Online Optimization of Curriculum Learning Schedules using Evolutionary Optimization
Mohit Jiwatode, Leon Schlecht, Alexander Dockhorn
TL;DR
This work tackles the challenge of manually designing curricula for reinforcement learning by proposing RHEA CL, which jointly uses Curriculum Learning and Rolling Horizon Evolutionary Algorithms to optimize curricula online during PPO-based training. The approach maintains a population of candidate curricula, evaluates them across curriculum steps, and selects the best to continue in the next epoch, effectively adapting task difficulty to the agent’s learning progress. Empirical results on Minigrid tasks DoorKey and DynamicObstacles show that RHEA CL yields faster early improvements and competitive final performance, at the cost of additional curriculum evaluations during training. The paper also analyzes hyperparameter effects (e.g., $nGen$, $curricLength$, $curricCount$) and compares against baselines such as RHRS, SPCL, AllParallel, and vanilla PPO, highlighting the potential of automated curriculum optimization to enhance learning speed and robustness in dynamic environments.
Abstract
We propose RHEA CL, which combines Curriculum Learning (CL) with Rolling Horizon Evolutionary Algorithms (RHEA) to automatically produce effective curricula during the training of a reinforcement learning agent.

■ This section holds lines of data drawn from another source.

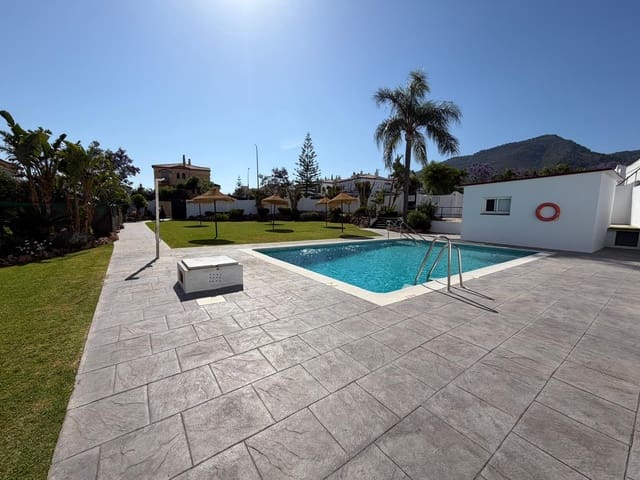 4 bedroom Terraced Villa for sale in Alhaurín de la Torre with pool garage - € 400,000 (Ref: 9877427)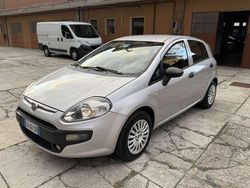 Other Usata 2010 Fiat Punto Evo Dynamic Due volumi | 2750 € (Buon prezzo)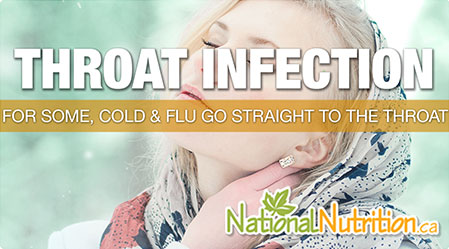 2015/01/Natural_Health_Article_Throat_Infection.jpg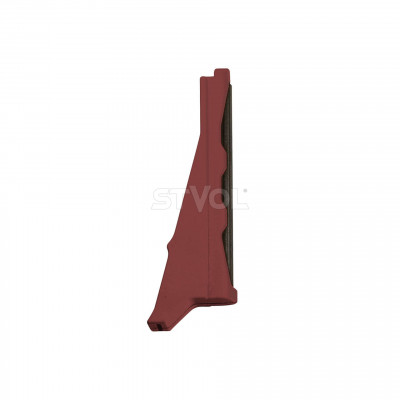934501 Огниво \ Свисток для Leatherman Signal (934504)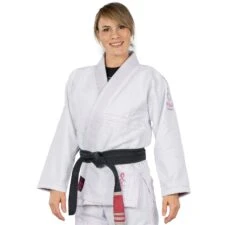 Fuji Blossom Womens Jiu Jitsu Gi 33 Fuji Blossom Womens Jiu Jitsu Gi -Boxing Martial Arts Shop Artboard1copy8 1600x1600 6153e373 14e4 43f1 8ef6 4850310c3247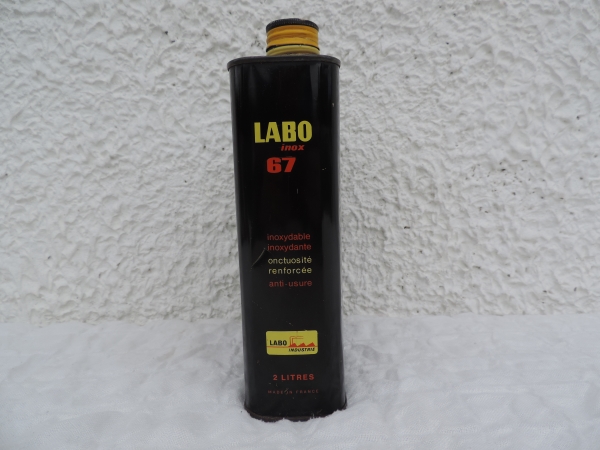 Bidon d'huile LABO- DSCN9337.JPG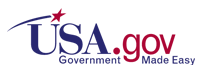 1-09_Link-hp_FirstGov_Logo.gif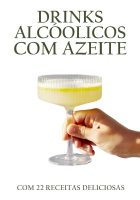 Drinks-com-Azeite.pdf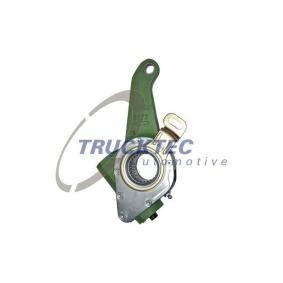 Gestängesteller, Bremsanlage von TRUCKTEC AUTOMOTIVE günstig für 52,85 €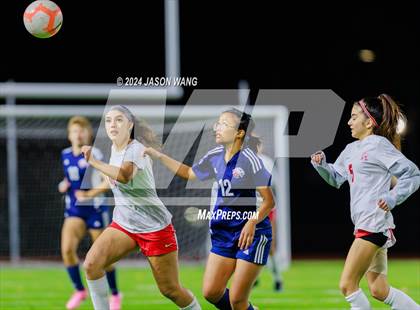 Thumbnail 3 in Lindbergh @ Renton photogallery.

RHEA CL optimizes a population of curricula, using an evolutionary algorithm, and selects the best-performing curriculum as the starting point for the next training epoch. Performance evaluations are conducted after every curriculum step in all environments. We evaluate the algorithm on the \textit{DoorKey} and \textit{DynamicObstacles} environments within the Minigrid framework. It demonstrates adaptability and consistent improvement, particularly in the early stages, while reaching a stable performance later that is capable of outperforming other curriculum learners. In comparison to other curriculum schedules, RHEA CL has been shown to yield performance improvements for the final Reinforcement learning (RL) agent at the cost of additional evaluation during training.